=== Directions ===
Setting pictures aside, output exactly the lines from the start of the records to the line with "Sorvete de baunilha", that line included.

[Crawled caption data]
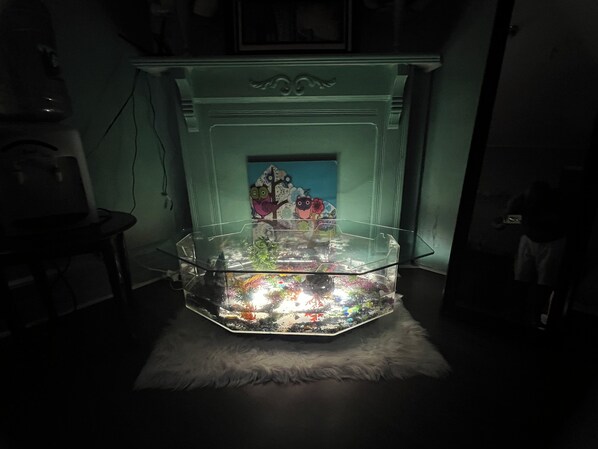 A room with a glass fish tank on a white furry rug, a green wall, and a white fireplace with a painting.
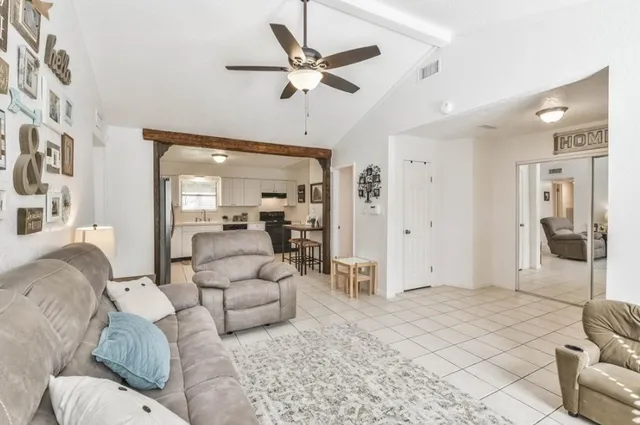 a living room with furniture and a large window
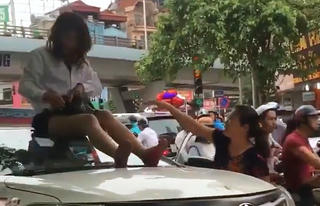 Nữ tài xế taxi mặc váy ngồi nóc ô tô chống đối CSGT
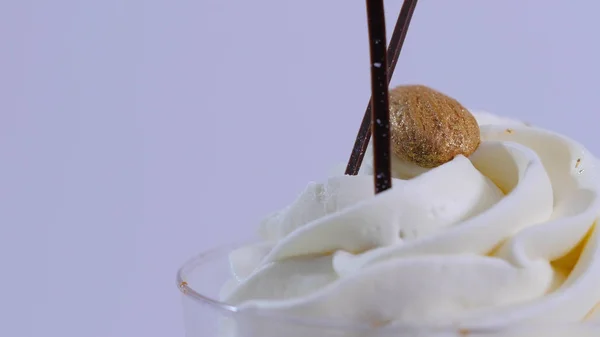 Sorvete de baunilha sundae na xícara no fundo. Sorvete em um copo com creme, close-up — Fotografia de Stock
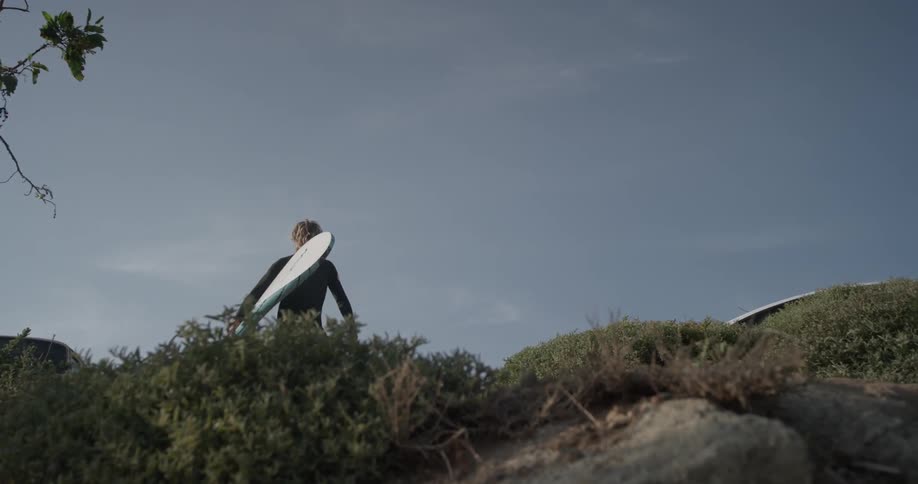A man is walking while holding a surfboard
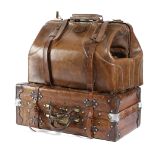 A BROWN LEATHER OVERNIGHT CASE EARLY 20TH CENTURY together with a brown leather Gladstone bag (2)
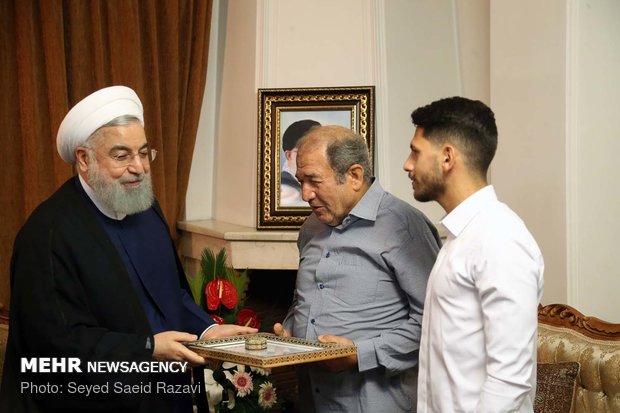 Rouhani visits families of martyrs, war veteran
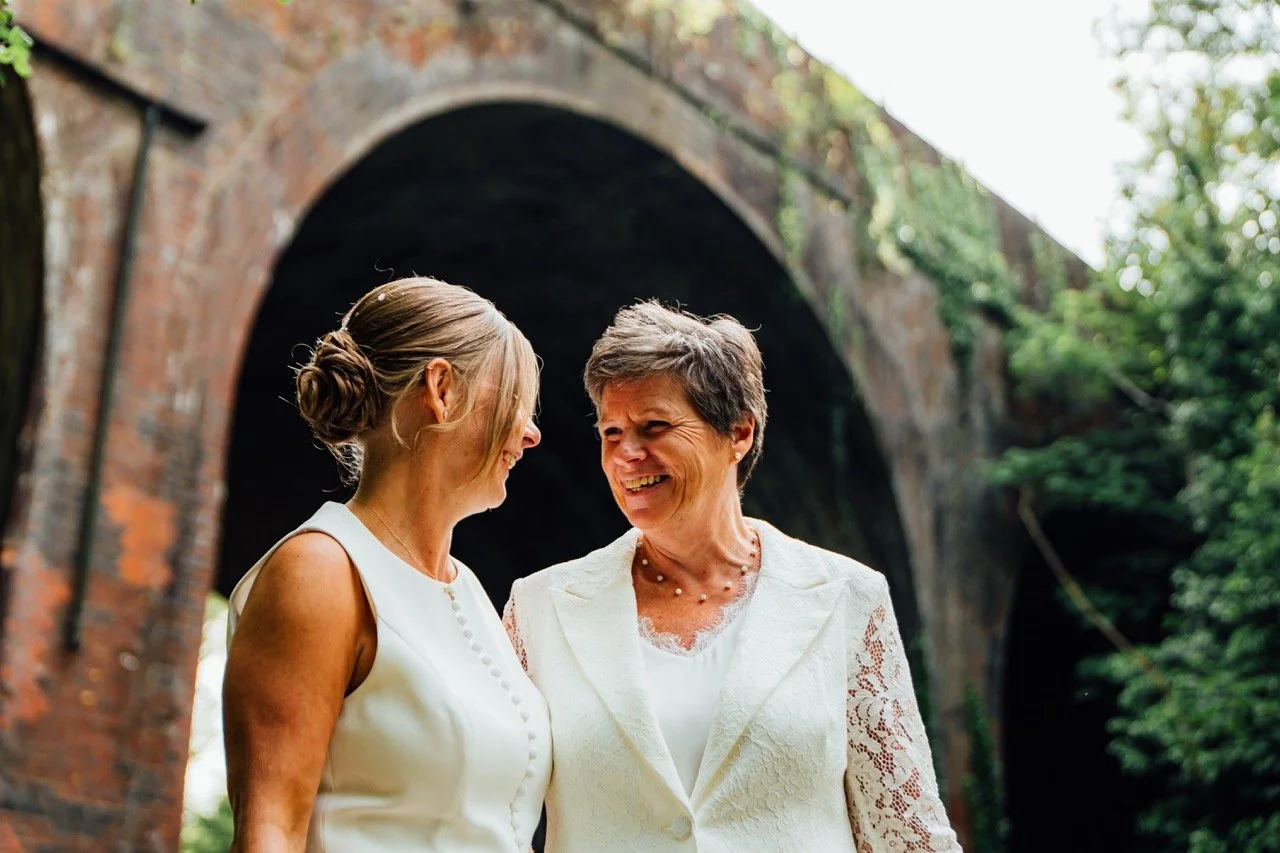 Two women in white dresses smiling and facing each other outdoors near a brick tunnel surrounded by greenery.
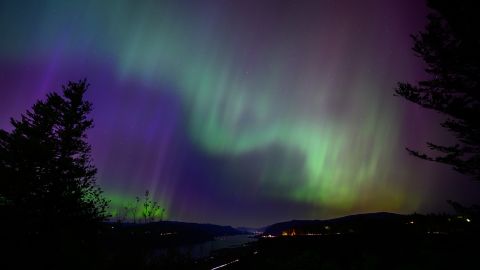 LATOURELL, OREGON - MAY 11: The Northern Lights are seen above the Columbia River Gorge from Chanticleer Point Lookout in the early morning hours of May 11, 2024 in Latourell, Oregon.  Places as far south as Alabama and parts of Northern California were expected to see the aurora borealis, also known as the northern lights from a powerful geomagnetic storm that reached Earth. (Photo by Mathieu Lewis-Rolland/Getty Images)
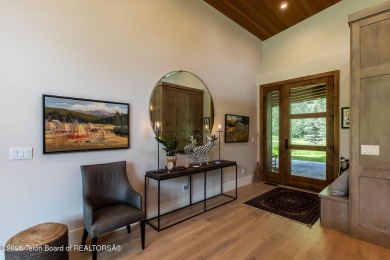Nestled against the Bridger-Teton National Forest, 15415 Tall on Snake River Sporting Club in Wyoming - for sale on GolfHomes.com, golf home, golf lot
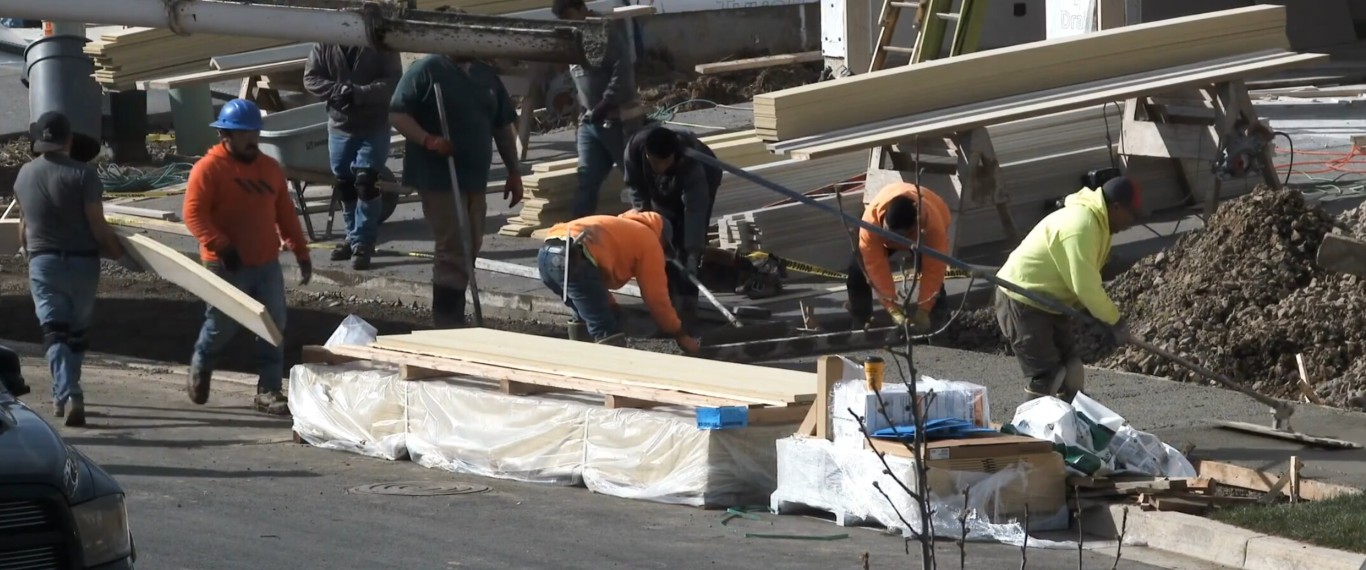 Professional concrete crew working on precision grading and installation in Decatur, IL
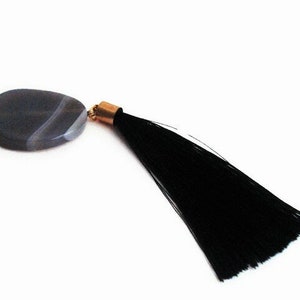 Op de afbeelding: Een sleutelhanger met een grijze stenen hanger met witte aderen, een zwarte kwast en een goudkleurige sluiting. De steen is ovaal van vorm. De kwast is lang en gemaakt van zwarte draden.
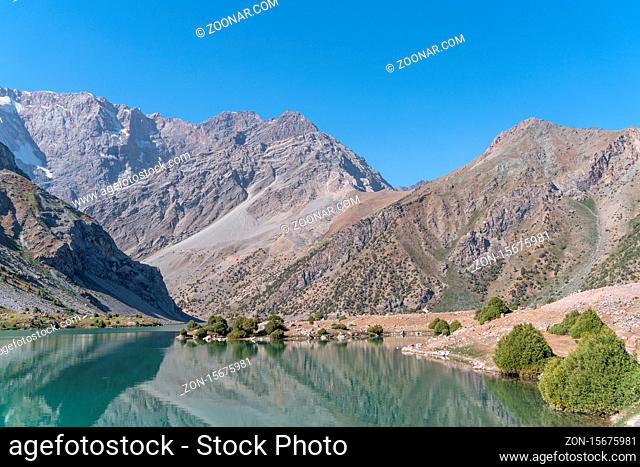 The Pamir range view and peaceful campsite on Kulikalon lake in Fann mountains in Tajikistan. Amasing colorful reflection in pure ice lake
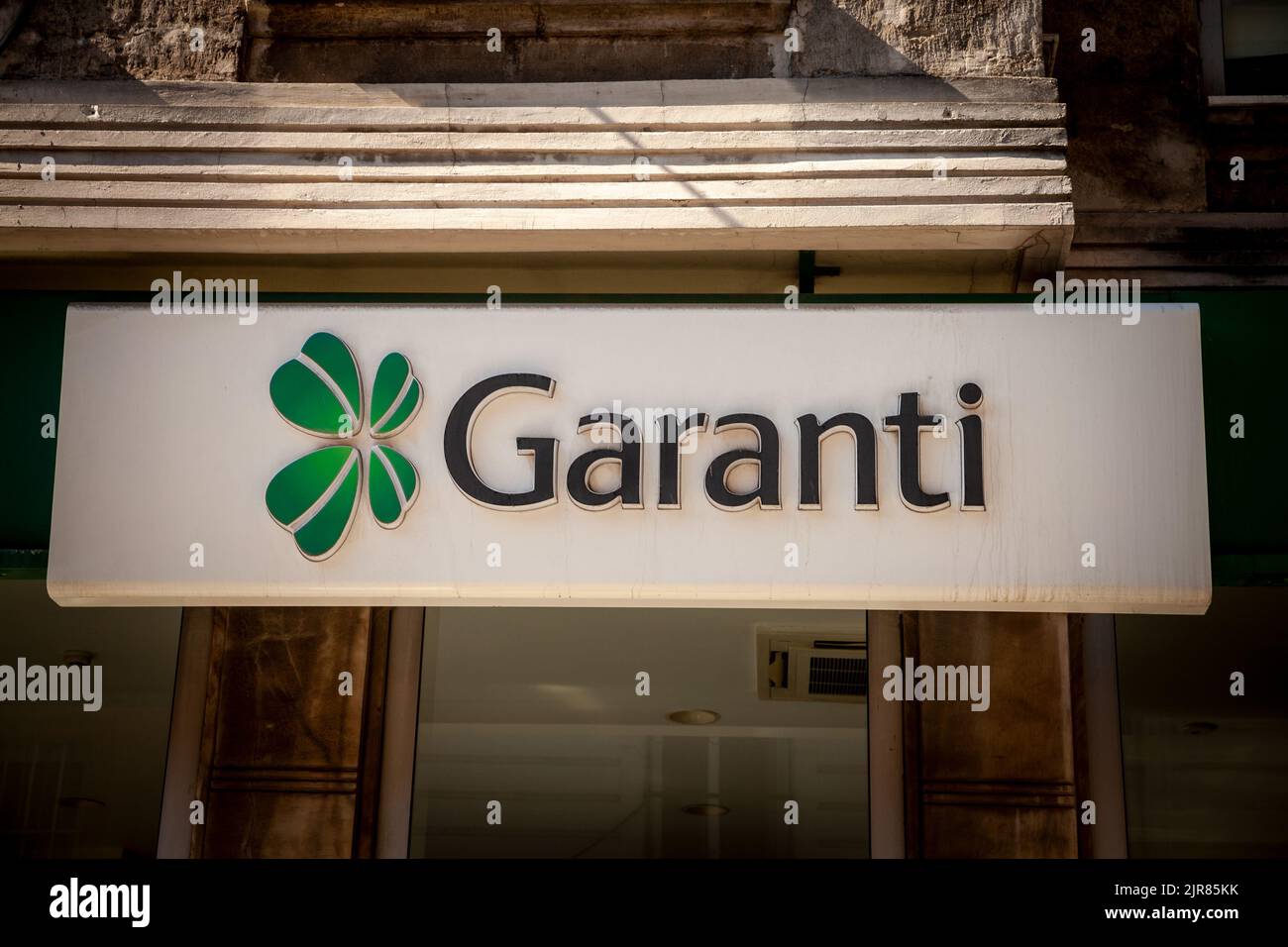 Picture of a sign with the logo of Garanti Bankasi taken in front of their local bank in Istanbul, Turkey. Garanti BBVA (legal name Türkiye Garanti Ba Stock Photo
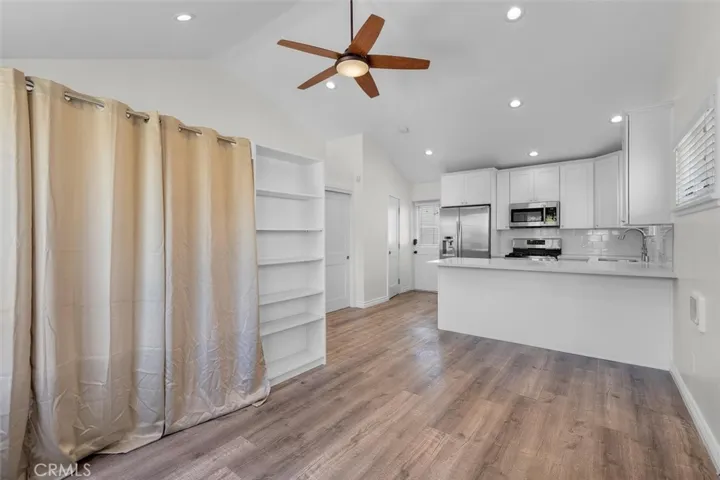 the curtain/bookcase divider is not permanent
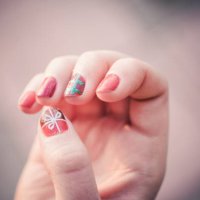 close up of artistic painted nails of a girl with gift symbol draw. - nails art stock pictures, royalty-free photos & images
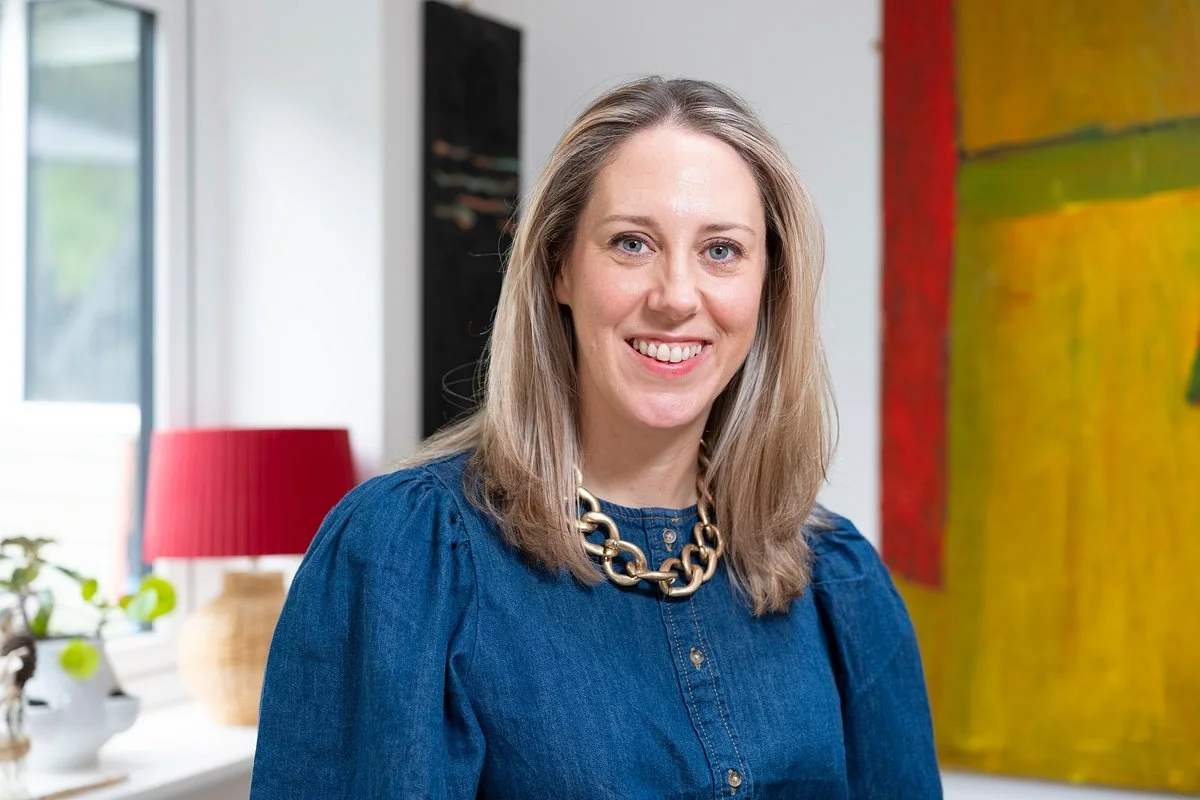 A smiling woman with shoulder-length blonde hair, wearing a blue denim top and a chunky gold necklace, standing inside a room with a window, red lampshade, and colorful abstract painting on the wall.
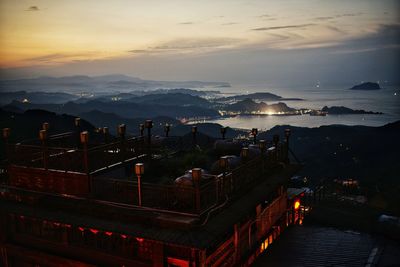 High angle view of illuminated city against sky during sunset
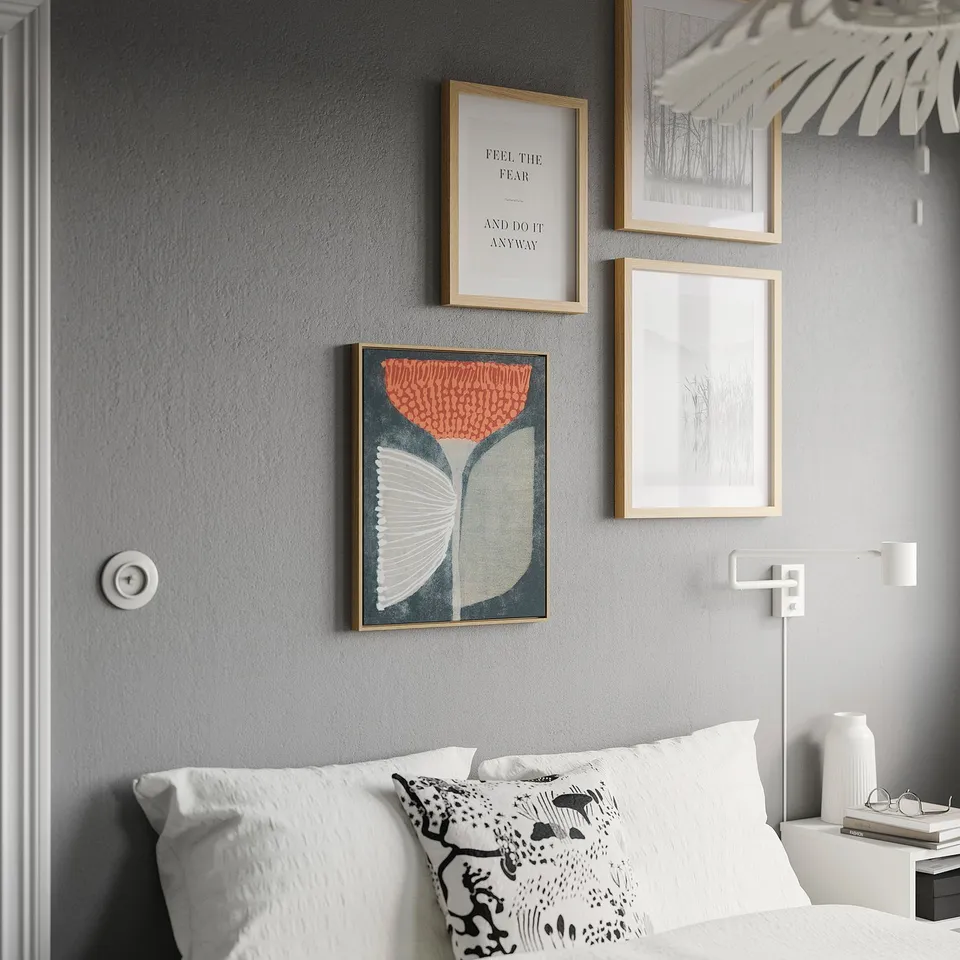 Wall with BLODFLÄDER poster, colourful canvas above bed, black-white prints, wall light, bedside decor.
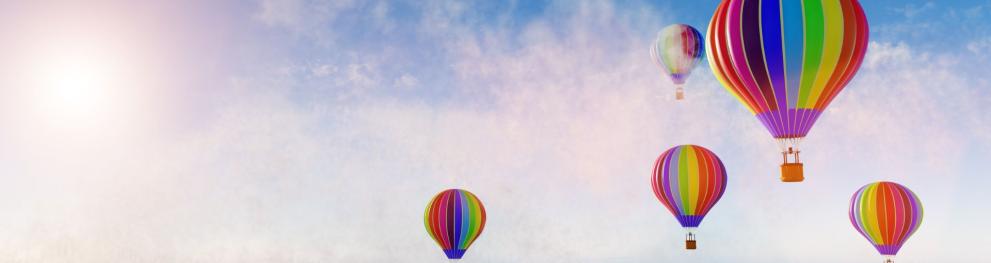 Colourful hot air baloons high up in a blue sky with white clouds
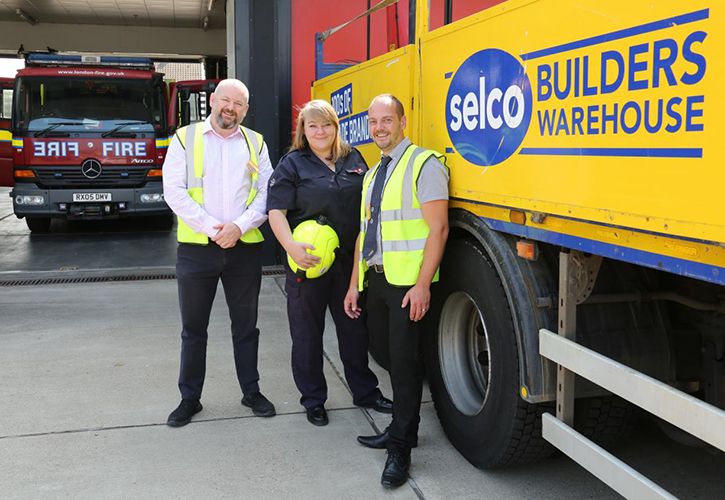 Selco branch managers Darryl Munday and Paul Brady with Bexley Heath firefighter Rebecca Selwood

=== Reply to the exercise ===
 A room with a glass fish tank on a white furry rug, a green wall, and a white fireplace with a painting.
 a living room with furniture and a large window
 Nữ tài xế taxi mặc váy ngồi nóc ô tô chống đối CSGT
 Sorvete de baunilha sundae na xícara no fundo. Sorvete em um copo com creme, close-up — Fotografia de Stock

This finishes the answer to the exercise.